John Hunkin, CIBC's chairman and chief executive officer, said all work by auditors will need to be approved by the board of directors' audit committee; a "blanket prohibition" has been placed on awarding any information technology or systems-implementation projects; and all non-auditing work being performed by the auditor firms will be moved to another division.

The collapse of Houston-based Enron, the biggest bankruptcy in U.S. history, continues to weigh on equity markets, and has brought the accounting practices of many companies under increased scrutiny.

Enron's failure has focused attention on the potential for conflicts of interest when auditors also act as consultants to their clients.

Shares of firms such as Tyco International Inc., Computer Associates International Inc. and International Business Machines Corp., for example, have seen their stocks plummet on recent news reports of accounting irregularities there.

CIBC proposed the "reappointment" of Andersen and PricewaterhouseCoopers in a recently issued proxy circular.

Mr. Hunkin made the announcement at his company's annual general meeting in Halifax, after releasing better-than-expected first-quarter earnings that showed sharp losses from exposure to Enron and Global Crossing Ltd. were offset by strong performance from its retail-banking division.

CIBC posted earnings of $355-million or 87 cents a share for the three months ended Jan. 31, down from $515-million or $1.27 during the same period a year earlier.

Analysts were expecting CIBC to earn 73 cents a share, according to tracking firm Thomson Financial/First Call.

Return on equity, a key measurement of a bank's profitability, was 13.2 per cent up from its fourth quarter but sharply lower than its year-earlier reading of 20.1 per cent.

Revenues for the quarter were $3.08-billion versus $2.95-billion last year.

"CIBC delivered strong performance during the quarter in several businesses, including cards, mortgages and wealth management, demonstrating that our focus in these key areas is delivering the expected results," Mr. Hunkin said in a statement.

"CIBC's strong retail performance was offset by higher loan loss provisions, in particular to Enron and Global Crossing.

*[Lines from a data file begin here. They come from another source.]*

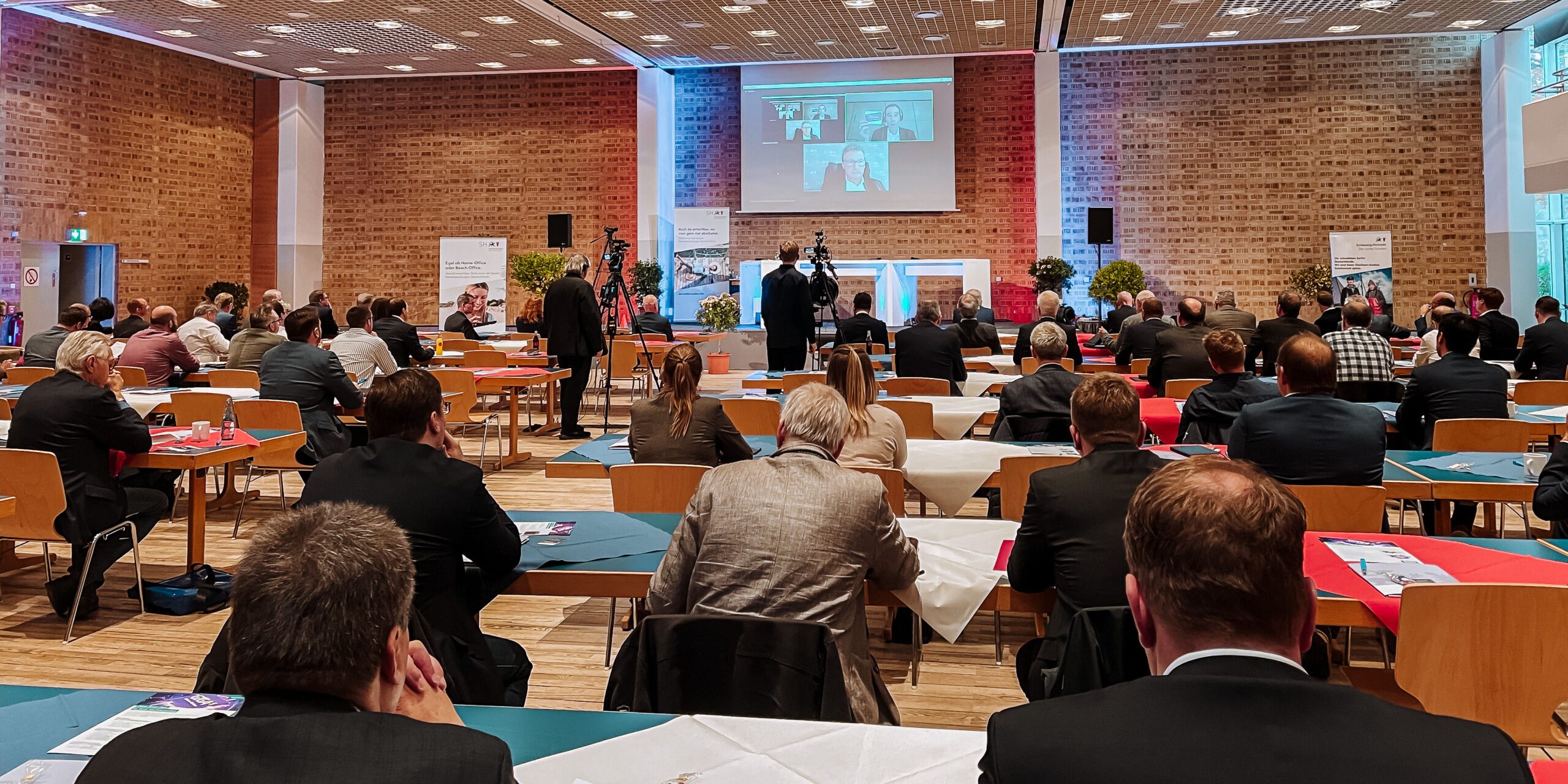 In einem Konferenzraum sitzen viele Personen an Tischen, die auf eine Bühne mit einer Leinwand gerichtet sind. Auf der Leinwand sind vier Personen in einem Videocall zu sehen. Die Bühne ist mit Pflanzen dekoriert.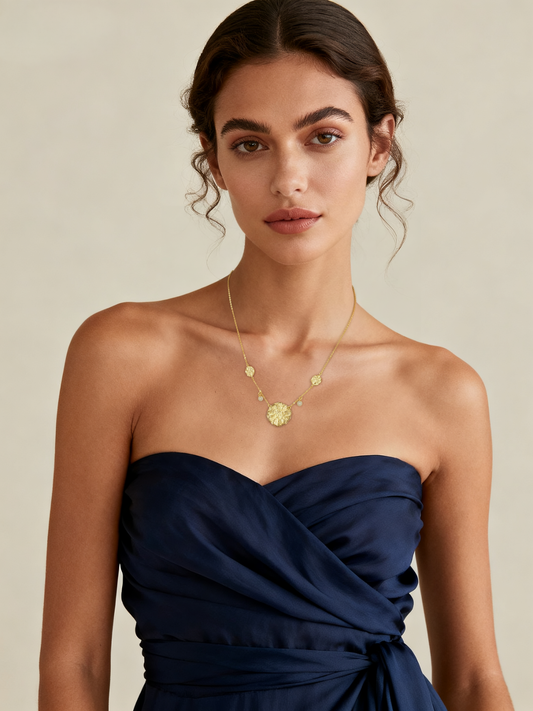 Model wearing Ploutos Jewellery Luna Bloom Gold Necklace — handcrafted 18K gold-plated 925 sterling silver necklace featuring a textured floral medallion and pearl accents. Elegant statement necklace from the Cosmic Energy Collection symbolizing growth, light, and divine femininity.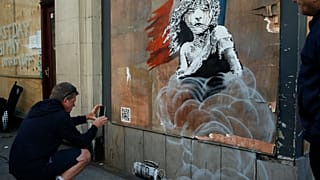 A jogger stops to take photos on his phone of a new artwork by British artist Banksy opposite the French Embassy, in London, 2016.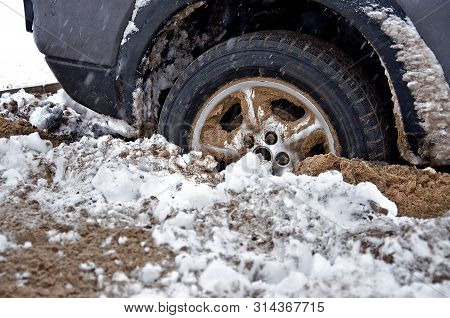 Car Wheel Is Deeply Stuck In The Sand. Car Wheel Is Deeply Stuck.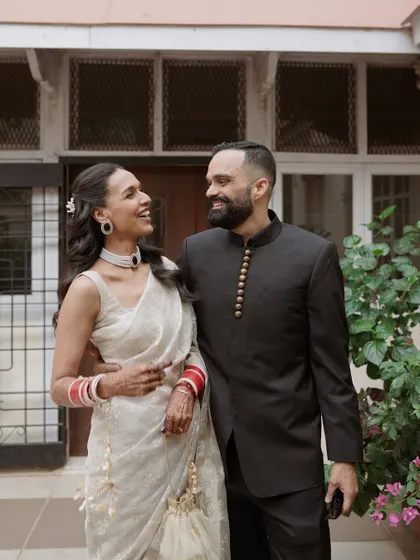 A candid moment of laughter and love. This photo perfectly captures the couple's happy and relaxed chemistry after their engagement ceremony.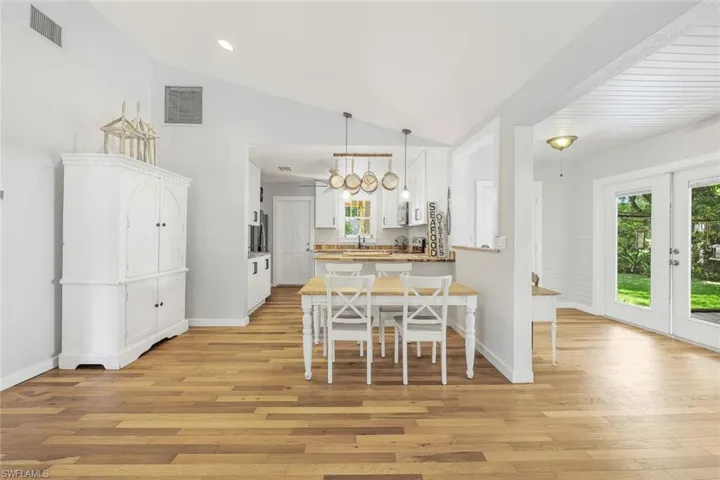 View of the kitchen from the living room. Notice the wood flooring throughout.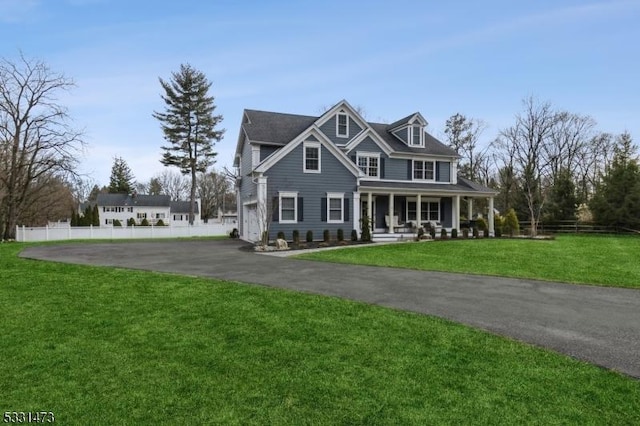 view of front facade with a front yard, a porch, and a garage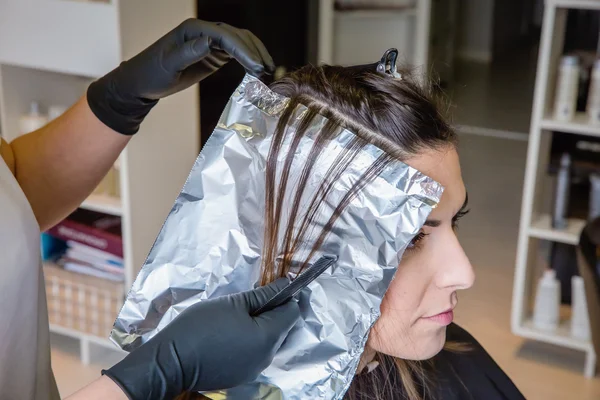 Tangan penata rambut memisahkan rambut wanita dengan kertas aluminium — Stok Foto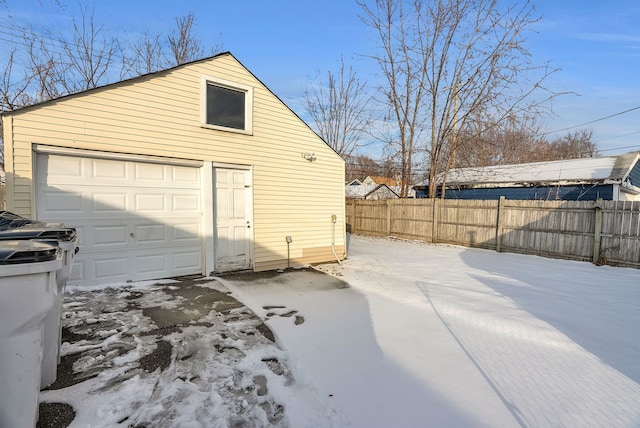 view of snow covered garage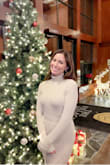 This is a high quality sweater dress made with thick material. It hugs you in all the right places and keeps you warm. It is really well-made. I love this dress! - Ann M.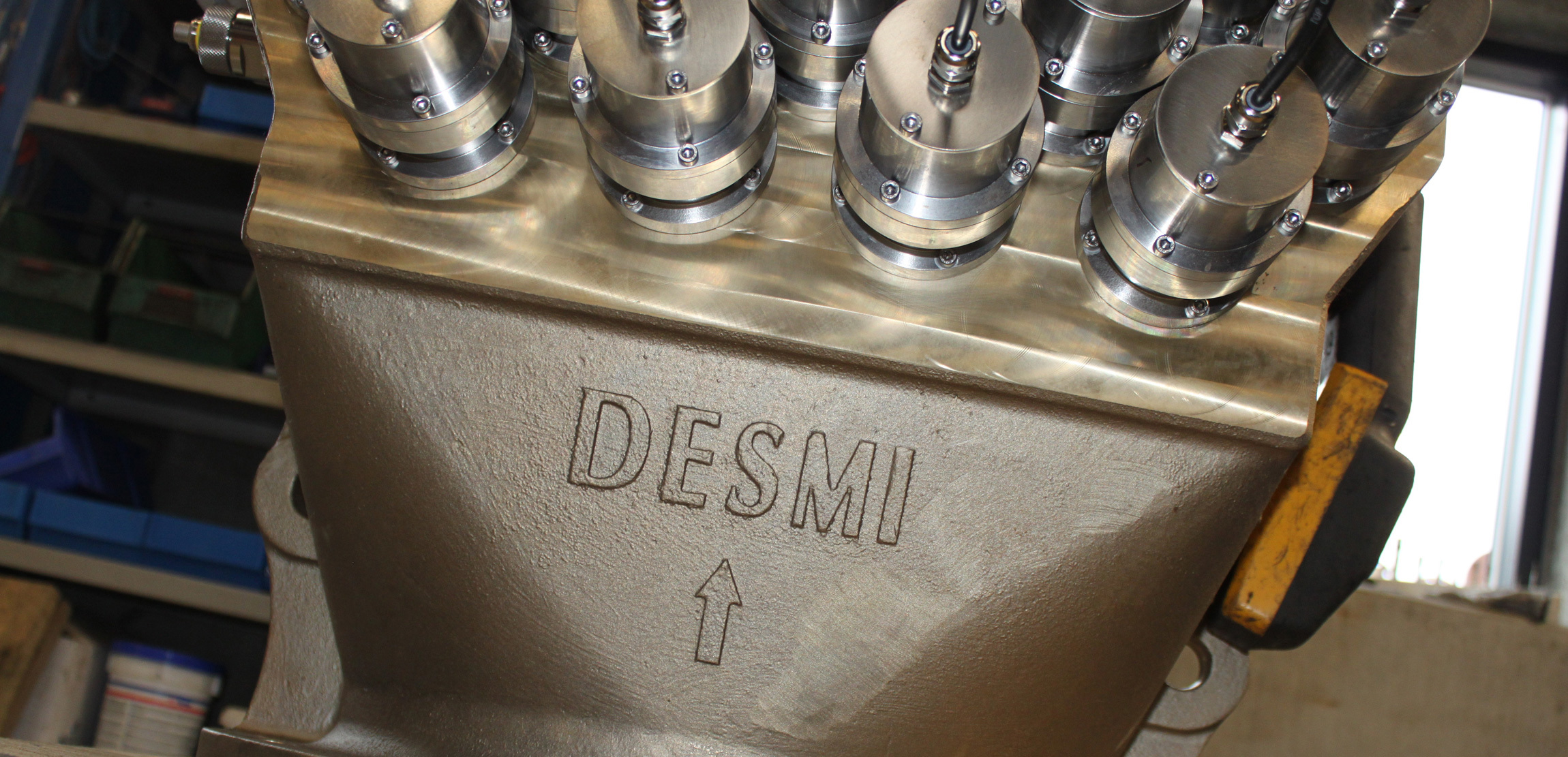 DESMI industrial machinery component with multiple metal connectors for fluid handling.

We took action during the quarter to address our exposures and build loan-loss provisions to appropriate levels." Loan-loss provisions were $540-million during the first quarter, the bank said, up from $403-million in its fourth quarter.

The bank reaffirmed its January prediction that had 2002 provisions pegged at between $1.25-billion and $1.35-billion, up from an initial estimate of about $1.2-billion.

CIBC has said it has $342-million in credit exposure to fallen energy trader Enron and $386-million-million to Global Crossing after their bankruptcies.

Shares of CIBC, listed on the Toronto Stock Exchange, were up $2.07 to $52.40 at last check Thursday afternoon, nearing the top end of their $45 to $57.15 year-long range.

Earlier this month, its shares stumbled on reports that the bank and other key lenders may be called to testify about their dealings with Enron.

The U.S. House of Representatives' energy committee wants to talk to eight leading underwriters and lenders, including CIBC World Markets Inc., CIBC's investing banking arm, about their dealings with Enron, The Globe and Mail reported on Feb. 21.

The committee is considering holding hearings into the links between Enron and its bankers.

Several analysts were skeptical about CIBC going into this earnings report, noting it is heavily involved in the U.S. capital markets while the other big Canadian banks don't have the same level of exposure south of the border.

CIBC is the country's third-largest bank by assets, and fourth by market capitalization.

CIBC also announced Thursday that was lifting its quarterly dividend to 41 cents a share from 37 cents. The dividend, it said, is payable on April 29 to holders of record on March 28.